RATIN

Wheat woes boost corn, soybeans

Posted on September, 24, 2024 at 08:43 am


Corn and soybean growers yearning for higher prices may have to look at another market for signs of a turnaround: Wheat could be the bell cow for those hopes as grains head into the end of the year.

For starters, wheat-corn spreads typically turn lower as corn gains ground in the fall. Weather could also produce a beneficial counter-seasonal trend if seeding conditions in major growing regions swell wheat’s premium. Normally corn gains when supply and demand shifts take hold, so a rising tide from wheat could spread over to lift all boats.

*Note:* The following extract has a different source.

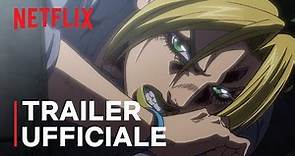 Le bizzarre avventure di JoJo: STONE OCEAN | Trailer ufficiale | Netflix Italia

Those wheat-fueled gains in corn are relatively rare, but when they happen, hold on for the ride. Two of the biggest rallies in history came on the heels of exploding wheat markets. Even if wheat can’t provide quite the same help this time around, it could improve the odds for corn and soybeans.

 

Inventories thin out

Dry fields from the U.S. to Europe and South America are the worry this year, as farmers dig into fall harvest and prepare ground for seeding. La Nina cooling of the equatorial Pacific only adds to this uncertainty

Wheat, in this case the contract for the soft red winter classes settled in Chicago, tends to gain in value against corn from June until October. Think about it: wheat fields are cut in summer, boosting supplies when inventories of corn and soybeans are running thin. Prices normally reflect those dynamics but trade places come October, when wheat stocks are emptied and bins in corn and soybean country fill up.

Chicago December wheat closed $1.81½ ahead of December corn after release of USDA’s Sept. 12 World Agricultural Supply and Demand Estimates. That’s around 30% above the spread average over the past 20 years.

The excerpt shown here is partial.